A Singular Setting
Camp Kawanhee is located on a mountain lake in the Maine woods. The local mountains are of the Longfellow Range, a part of the venerable Appalachians, some of the oldest mountains on the planet. Our view up the lake to the northwest takes in Tumbledown Mountain, one of the premier hikes in Maine. Mount Blue, former home to a fire warden’s cabin at its summit, is to the east. The local high school is named after this peak, as is the State Park located across the lake.
Fourteen miles to the south is the Androscoggin River, one of Maine’s primary waterways and home to a rich logging tradition and the ghosts of nimble river drivers who busted-up logjams on the river a couple of generations ago. About thirty miles to the west is the New Hampshire border, and forty-five miles to the northwest is the Quebec border.
Our home is the small town of Weld, a supportive and proud place where time seems to have stood still. This community of 419 year-round residents observed its bicentennial in 2016, and our campers and counselors joined in the summer portion of this year-long celebration. Sean Minear, our camp chef and a year-round resident of Weld, chaired the Town’s Bicentennial Committee. This group put together a calendar of events any city would have been proud of.
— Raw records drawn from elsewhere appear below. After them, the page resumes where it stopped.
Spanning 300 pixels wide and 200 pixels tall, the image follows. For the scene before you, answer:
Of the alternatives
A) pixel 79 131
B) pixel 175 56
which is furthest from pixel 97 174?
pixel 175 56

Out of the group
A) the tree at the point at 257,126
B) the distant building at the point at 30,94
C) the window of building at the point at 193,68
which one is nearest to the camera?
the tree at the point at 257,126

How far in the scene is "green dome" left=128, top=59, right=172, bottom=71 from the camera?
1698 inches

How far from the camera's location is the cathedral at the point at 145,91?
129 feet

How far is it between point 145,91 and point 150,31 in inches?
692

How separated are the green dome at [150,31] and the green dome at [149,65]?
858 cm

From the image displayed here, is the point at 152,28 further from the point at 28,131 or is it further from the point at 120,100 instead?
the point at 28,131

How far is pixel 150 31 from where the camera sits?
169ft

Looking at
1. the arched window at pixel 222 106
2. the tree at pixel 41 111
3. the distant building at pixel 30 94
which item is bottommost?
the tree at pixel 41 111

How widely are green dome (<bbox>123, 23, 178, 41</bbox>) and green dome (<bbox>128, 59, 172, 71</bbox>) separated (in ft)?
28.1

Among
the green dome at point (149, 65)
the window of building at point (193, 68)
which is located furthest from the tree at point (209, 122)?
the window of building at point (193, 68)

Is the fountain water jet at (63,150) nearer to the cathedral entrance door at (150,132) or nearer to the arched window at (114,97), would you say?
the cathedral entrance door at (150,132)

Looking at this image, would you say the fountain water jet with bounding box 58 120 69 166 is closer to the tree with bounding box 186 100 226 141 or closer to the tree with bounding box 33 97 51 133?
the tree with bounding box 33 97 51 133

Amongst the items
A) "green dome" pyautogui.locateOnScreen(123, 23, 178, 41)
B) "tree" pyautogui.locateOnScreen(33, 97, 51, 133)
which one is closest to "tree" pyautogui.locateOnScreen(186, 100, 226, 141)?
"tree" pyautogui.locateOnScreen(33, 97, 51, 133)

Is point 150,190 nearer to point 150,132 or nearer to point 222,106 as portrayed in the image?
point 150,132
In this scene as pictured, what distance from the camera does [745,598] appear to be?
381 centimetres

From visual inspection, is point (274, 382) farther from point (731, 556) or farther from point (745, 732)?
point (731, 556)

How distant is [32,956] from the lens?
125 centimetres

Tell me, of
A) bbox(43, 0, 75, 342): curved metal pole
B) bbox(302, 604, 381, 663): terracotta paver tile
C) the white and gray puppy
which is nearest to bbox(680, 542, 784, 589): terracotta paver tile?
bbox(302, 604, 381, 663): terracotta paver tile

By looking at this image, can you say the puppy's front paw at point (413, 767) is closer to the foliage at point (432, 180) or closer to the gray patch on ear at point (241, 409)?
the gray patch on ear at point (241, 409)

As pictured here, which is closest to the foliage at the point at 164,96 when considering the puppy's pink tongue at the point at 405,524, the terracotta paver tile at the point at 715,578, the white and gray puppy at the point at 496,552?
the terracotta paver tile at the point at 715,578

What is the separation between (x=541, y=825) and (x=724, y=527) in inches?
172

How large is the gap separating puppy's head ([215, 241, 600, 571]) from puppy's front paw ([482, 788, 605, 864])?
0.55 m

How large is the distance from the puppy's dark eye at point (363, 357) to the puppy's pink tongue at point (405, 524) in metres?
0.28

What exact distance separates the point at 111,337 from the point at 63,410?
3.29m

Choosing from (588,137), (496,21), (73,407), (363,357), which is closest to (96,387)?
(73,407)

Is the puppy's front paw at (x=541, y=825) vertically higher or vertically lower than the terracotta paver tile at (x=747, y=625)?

Kawanhee folks quickly come to appreciate a profound sense of community and place…a place where people feel lucky to be…a place defined by the whisper of the wind in towering pines, the dramatic sunsets in the Tumbledown gap, the eerie cry of loons, the grandeur of bald eagles and moose, the clarity of a night sky lit with stars, the chortling of chickadees, the singular aroma of cedar, the summer squall pounding down the lake, and on and on…a place to realize we are all stewards of the natural world.